Three Oregon communities in Josephine and Jackson counties mark significant milestones as Tree City USA communities this year. ODF administers the Tree City USA program in Oregon for the national Arbor Day Foundation. ODF Community Assistance Forester Brittany Oxford explains that cities and towns need to meet four criteria to become a Tree City USA:
- Maintain a tree board or department
- Have a community tree ordinance
- Spend at least $2 per capita on urban forestry
- Celebrate Arbor Day
Rogue River in southern Oregon has maintained its designation for 40 years, according to Oxford. “Right behind them is Grants Pass, which has now had Tree City USA status for 35 years, and Central Point for 10 years.”

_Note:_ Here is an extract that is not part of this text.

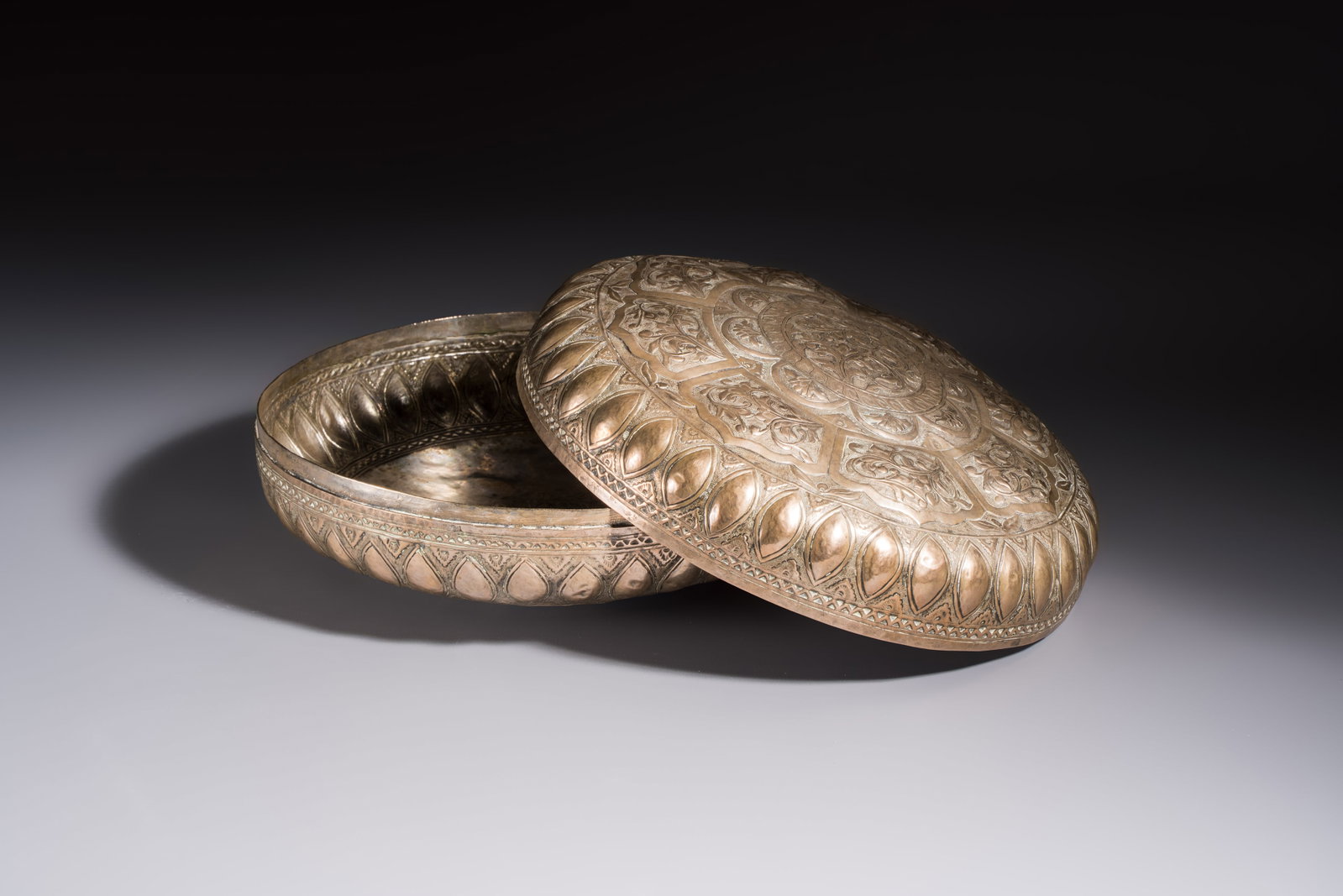 A Malay silver circular betel box and cover with floral design, 19th C. (1 of 7)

Oxford said cities benefit from sustained support of their urban forestry programs. “Trees are a long-term investment. Keeping engaged with maintenance and replacement tree plantings can help a community increase its tree canopy and keep that urban forest healthy, helping make that community more climate resilient,” she said.
Oxford said Grants Pass was also honored as Oregon Tree City of the Year back in 2020.
“All three communities have really gone the extra mile, planting peace trees in recent years that were grown from seeds of trees that survived the atom bombing of Hiroshima in 1945,” she said. “These communities pulled out all the stops for those community-building plantings. Central Point actually has two peace trees.”
Other cities marking milestone years include:
- Madras – 30 years
- Coburg, Seaside and Wilsonville – 25 years
- Bend, Klamath Falls – 20 years
- Cannon Beach, Dallas, Gresham and Lincoln City – 15 years
- Hillsboro and Umatilla – 5 years
“Although it’s only been a Tree City for five years, Hillsboro has already earned two growth awards for improving and enlarging their urban forestry program, including one this year,” said Oxford.